Grâce à ces résultats, l'économie canadienne connaît aujourd'hui, au troisième trimestre, un taux de croissance annualisé de 36 %, contre 20 % aux États-Unis. Bien sûr, ces taux sont très positifs, mais ils sont comparés au deuxième trimestre moribond, ce qui les fait paraître plus élevés que la réalité. Il va sans dire que cela va dans la bonne direction et si nous pouvons un jour remporter la bataille sur le Covid 19, nos banquiers centraux auront contribué à sauver la situation. Cependant, le Covid 19 se répand toujours sur la planète. 

A la ferme, c'est un peu différent. J'ai vu cette semaine un rapport sur le Financement Agricole au Canada de l'économiste Isabelle Nkapnang, qui parle de la santé du secteur agricole canadien. Elle a indiqué que le ratio actuel des exploitations agricoles canadiennes était de 2,2, le plus bas depuis 2006, mais beaucoup plus élevé que le 1,93 enregistré en 1993. Les ratios courants mesurent la capacité financière qu'une unité agricole utilise pour couvrir ses dettes à court terme avec ses actifs à court terme. Dans la même étude, l'actif à court terme a légèrement diminué de 0,2 % en 2019, mais le passif à court terme a augmenté de 5 %.  En d'autres termes, en 2019, les exploitations agricoles canadiennes dans leur ensemble sont en recul. On peut supposer qu'avec le Covid 19, la situation s'est dégradée plus rapidement. 

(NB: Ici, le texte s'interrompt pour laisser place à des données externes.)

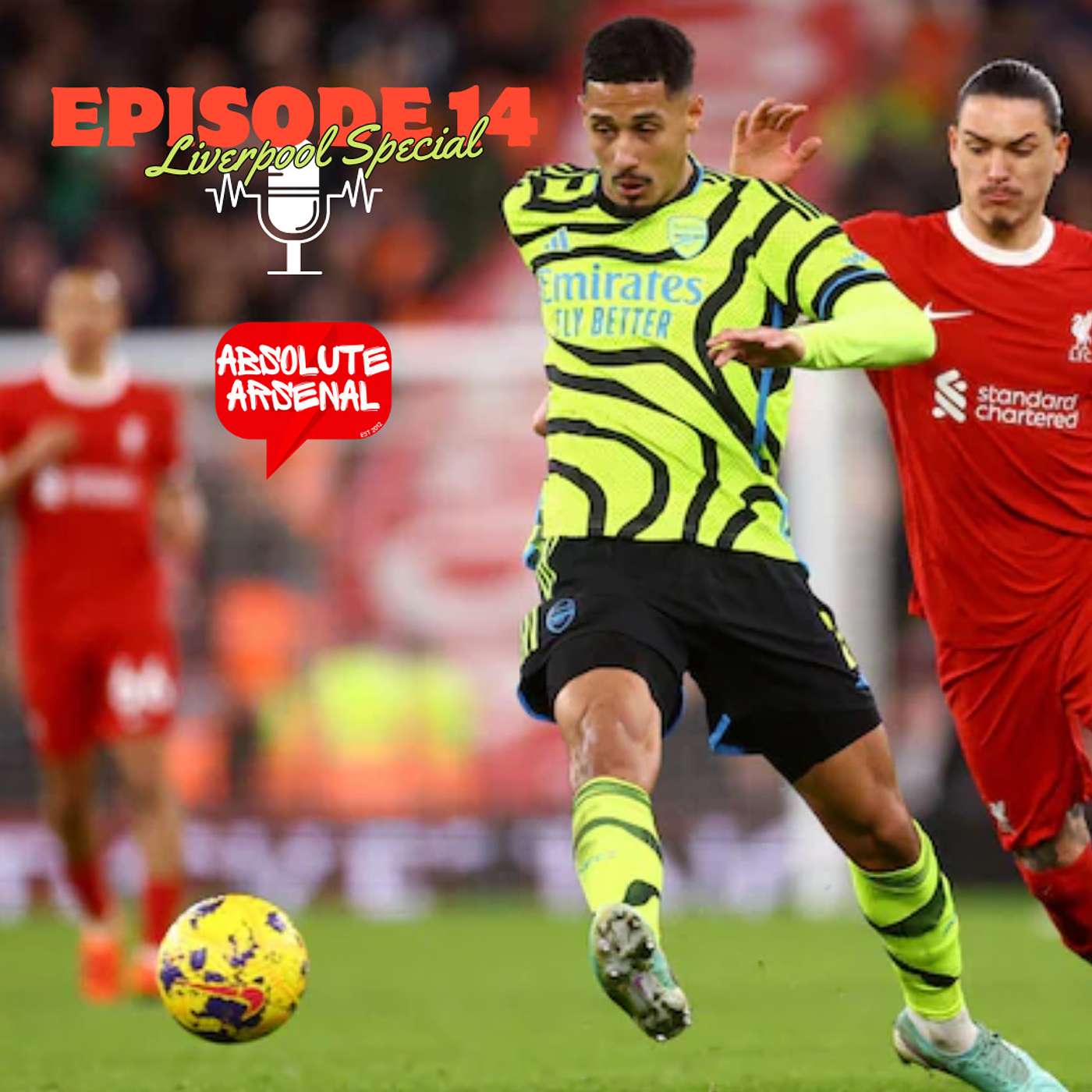 Episode 14: Liverpool Special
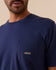 Outerknown Mens Shirt Journey Fish Pocket Tee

C'est ce que l'on ressent. Il y a quelques mois, au plus fort de l'affaire du Covid 19, j'ai déclaré que les exploitations agricoles canadiennes avaient besoin d'un coup de pouce du gouvernement. Ce que nous avons obtenu, c'est une augmentation de la taxe carbone sur le séchage des grains. A l’époque, le secteur collectif était largement ignoré, et il a fini par rattraper la société car il y a eu des débuts de pénuries alimentaires et des problèmes dans les fermes avec de la main-d'œuvre étrangère.  Notre ministre de l'agriculture canadienne, Marie-Claude Bibeau, a souligné à juste titre que nos filets de sécurité agricole ne fonctionnent pas. Cependant, c'est vrai depuis 2006 et les conservateurs et les libéraux ont refusé de les réparer. Cela signifie que depuis plusieurs mois, l'agriculture canadienne est laissée à elle-même alors que les dépenses fédérales ont décuplé.

Bien sûr, c’est un vieux combat qui persiste. Les organisations agricoles comme les Grain Farmers of Ontario et l'UPA au Québec continuent de faire pression. Je crois aussi que le ministre Bibeau comprend l'ineptie de l'enveloppe du dispositif canadien de protection du revenu agricole. J'ai toujours pensé qu'il faudrait une femme ministre du Québec pour la modifier. Cependant, les agriculteurs attendent toujours. Peut-être que le départ de Bill Morneau qui laissera sa place à Chrystia Freeland pourrait arranger les choses. Je sais, j’extrapole. 

Il va sans dire que les agriculteurs canadiens ne recevront pas 28 milliards de dollars, comme c'est déjà le cas aux États-Unis. L'économie non agricole canadienne est peut-être sur le chemin de la reprise, mais notre économie agricole dépend de notre propre travail et des fluctuations du dollar canadien. Le Covid a été notre fléau. Le combattre restera l'une de nos plus grandes épreuves.